Nienna’s fingers squeezed my arm. Her expression stayed calm, but I felt the tension beneath her skin. The sand crunched underfoot, bleached so white it forced me to squint toward the distant treeline. They logged with precision, neat and orderly, but no signs of regrowth marked the cleared ground.
If they meant to settle, they’d need space. But if they only wanted wood, they should treat the land as a farm—harvest, then replant.
Simple thoughts. A farmer-king’s thoughts. Likely not ones that ever crossed a Dragon King’s mind.
We followed him and Barchalk to a canopy shading a table.

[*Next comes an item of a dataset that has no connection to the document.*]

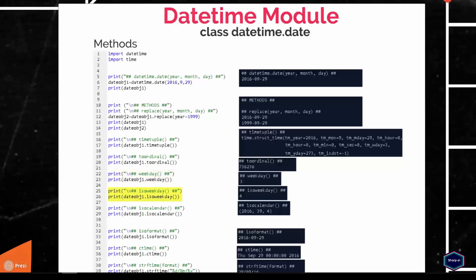The isoweekday method is very similar to the weekday method, but Monday has integer value 1 and Sunday has integer value 7. Similarly, the isocalendar method returns the date as a tuple where week is in the range 1 to 53 and weekday is in the range 1 to 7. The isoformat method returns a string representing the date in ISO 8601 format. The ctime method returns a string representing the date in a 24-character format. The strftime method returns a string representing the date as specified by the format arguments. For a complete list of formatting directives, please go to the official Python documentation.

“Any developments?” he asked.
“Nothing new, though the blasted snakes remain a nuisance. Bite at the workers, but that spirit trick still works. Splash it on their faces, and the slithering things pull back quick.”
My brow knit as I glanced at Nienna, who only smiled. Snakes, then. Harmless enough, apparently.
“I notice your dragon stayed behind,” Barchalk added.
A flicker passed over Nereus’ face. He brushed a leaf from the map on the table. “Argos is… reluctant to linger.”
I made a quiet sound. “They sense danger—but are content to leave their riders here?”
The king’s gaze turned sharp, and his tone lost its warmth. “If I believed there was true risk, I wouldn’t have brought my daughter.”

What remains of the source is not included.